As I sat in the waiting room yesterday I watched the seats fill up. There were women who flipped idly through magazines; just a routine check-up, I decided. There were women whose knees bounced and some who wouldn’t make eye-contact; I let my mind create back stories for these women, and my heart hurt.
There was one man, sitting alone, facing the door leading to the x-ray rooms. He held a small purse on his lap (I was sure it belonged to his wife because it didn’t match his outfit). He looked to be in his 50s. He was wearing a mechanic’s shirt. He hung his head low and turned the purse over and over in his hands, fingering the stitching. He looked up expectantly every time the door opened, only to drop his gaze to the floor when a stranger walked through.
“Please God let his wife be okay,” I said to myself.
The air was thick with silent prayers and I was relieved when my name was called.
My technician was nice. She had the accent of a New Yorker, veiled by years of living in California. She is a nana, she told me, and can’t wait for Christmas so she can buy her grandson gifts.
She did her thing, and I went along for the ride.
Her constant gentle directions were spoken from rote memory…
step forward now put your arm up there no the other handle i’m sorry if this hurts shoot my hand is stuck in there come toward me turn your head hold your breath don’t move i’m sorry again turn your shoulder we have to get as much tissue as possible.
When I was through, I half-listened to her as I watched my breast in ghost form creep onto the screen. I looked at a spot I hadn’t noticed in my past scans. “I like your earrings,” my technician said as she stepped between me and the image, blocking my view.
I wonder if she noticed my eyes narrow, accusingly. No doubt she was simply trying to keep me from self-diagnosing.
“Everything looks great,” she said. “The radiologist will review the scans and let you know if you need any additional tests.”
“You’d better be right,” I thought to myself. “I want to be someone’s nana too.”

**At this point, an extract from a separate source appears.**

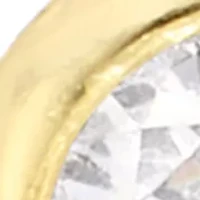 Gold Over Sterling Silver 12mm Cubic Zirconia Bezel Drop Charm Hoop Earrings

I think back to that scared girl sitting in her car sobbing at the thought of losing her breasts and ovaries, and I almost don’t recognize her.
Maybe it’s what happened when I matured out of my 20s or because I’ve had two more children since that day. We’ve moved a few times. My kids are in school now. Whatever the reason, I know my choice now would be simple.
Take it all. Who cares. If it lowers my risks, if it lengthens the time I can spend with my children, my husband, then who cares?
I ache at the thought of cancer taking me before I can watch my daughters walk down the aisle or see my sons hold their babies.
So every year, when I go in for my mammogram I wonder if it will be the year that they find something.
And every year, as I watch the women, full of fear, sit in a waiting room to find out whether they have cancer or whether it’s back or whether it’s gone, I wish for a tiny second that my tests were positive all those years ago so that I wouldn’t have breasts to worry about.
But in the end, it’s out of my hands and that’s the only part of the whole deal that brings any peace at all.